From where I sit - Stockholm syndrome

March 8, 2012

I am an immigrant, again, and this time I don't speak the language. I am a well-paid immigrant, with a very good job and helpful colleagues. And I am taking language lessons, for free, courtesy of the Swedish government. I am making progress. But still, I am an immigrant. And I don't understand what is going on around me.

The question is, does anybody? What is the nature of our knowledge of the world around us - the world whose language we speak, whose customs we automatically follow, whose history we assume ourselves to be a part of?

Philosophers call this "tacit knowledge". Eventually, if I hang around in my new country long enough, like any other determined immigrant I should acquire enough of this tacit knowledge to feel like I understand my brave new world.

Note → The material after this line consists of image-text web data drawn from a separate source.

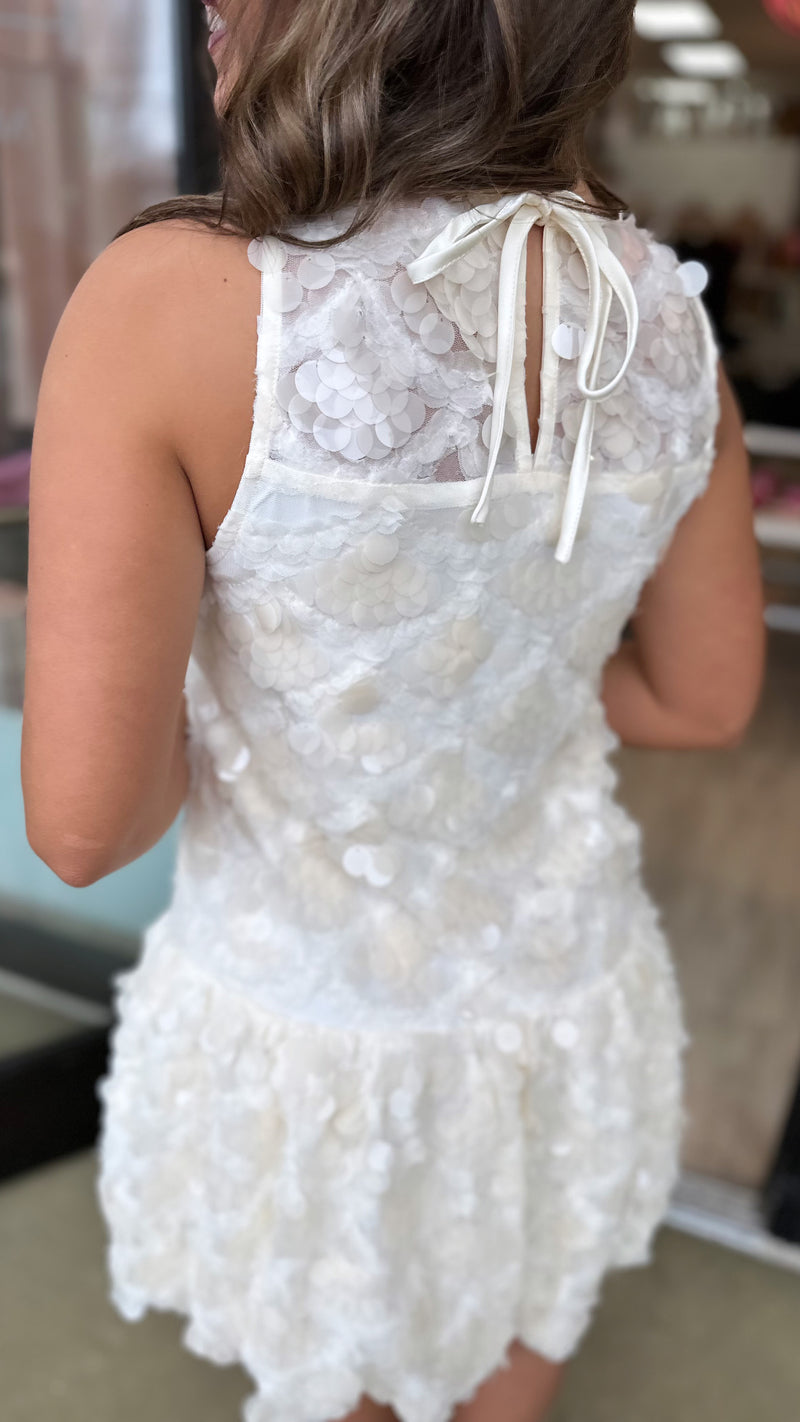 en saison sequin dress En Saison Ecru Sequin Tulle Tie Shoulder Midi Dress (1 MEDIUM) Janie Rose Boutique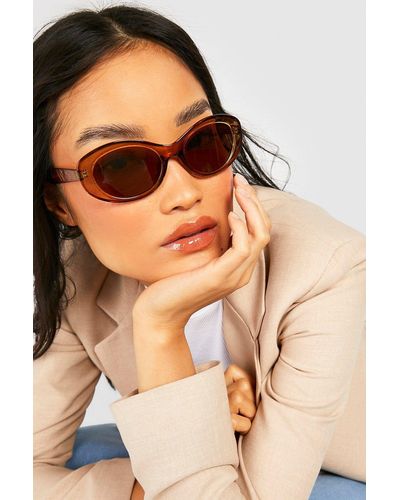 Boohoo Brown Tonal Oval Sunglasses - Natural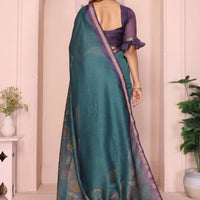 Women's Digital Printed Checks Leaf Motifs Chandari Blouse Sarees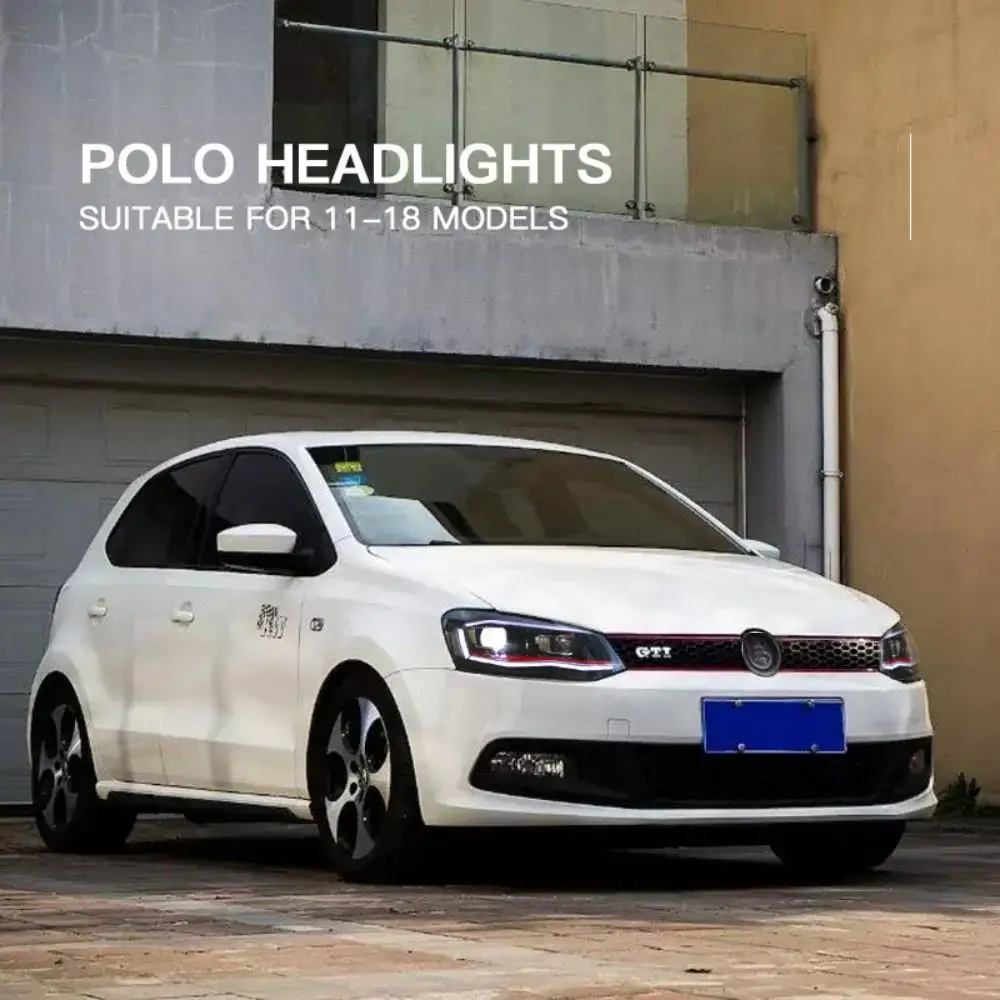 

Светодиодные фары для Volkswagen POLO 2011-2018 DRL с последовательным поворотным сигналом, новые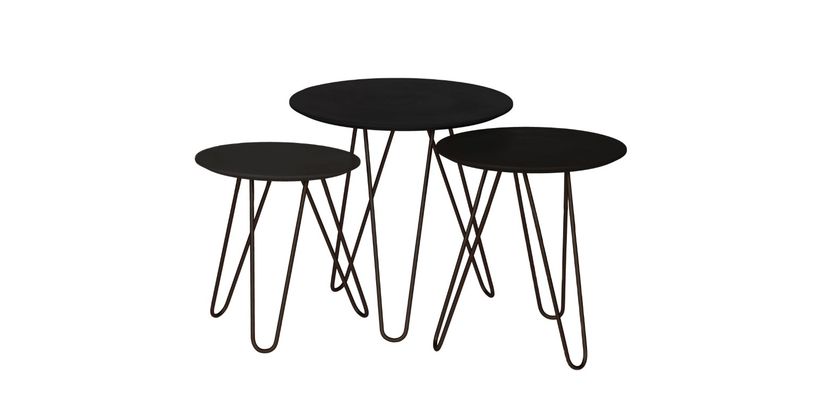 Bijzettafel Pozzio Zwart Set/3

But I am not counting on it.

When you talk to people who have lived here most of their lives, although they have this tacit knowledge, they themselves cannot really explain anything. They will claim to understand their worlds, but they cannot account for it. And how will I? How will I ever be able to answer my own questions about my adoptive country?

When you come to Sweden with the kinds of prejudices I brought to it - the kinds of prejudices typical of a left-wing, urban intellectual - you cannot help being impressed. The streets are attractive and clean, and the pavements are bustling with happy-go-lucky pedestrians who are, by and large, very well dressed, calm, alert, cheerful and thin. The affluence is palpable. The shops are full and stacked with merchandise. The cafes and restaurants are full.

All this in a country that has weathered the economic downturn far better than most, and also claims one of the highest levels of income equality in the world, not to mention one of the highest levels of welfare support from cradle to grave. And as for education - it's free. At some levels it is even better than free. A stay-at-home parent can get extra childcare and study-grant support if he or she is enrolled part-time in a college. My own PhD students, after a probationary stipendiary period, end up earning about £2,000 a month for being full-time PhD students.

Nobody knows exactly why the Scandinavian model has worked as well as it has; and nobody really knows whether it will continue working well in the future. The instinct of the ruling conservative party here is for what they call "reform", which means increased privatisation and commercialisation...on an English model. Swedish cities are looking more and more like shopping malls rather than public places, and the Swedish economy a pitiless technocracy. Income inequality, in fact, is rising.

Underneath the complacent prosperity there lurks a fear that life as it is simply can't go on much longer, although nobody, again, can explain this. Soon, I am told, on my research grant applications, I shall have to include an "impact statement".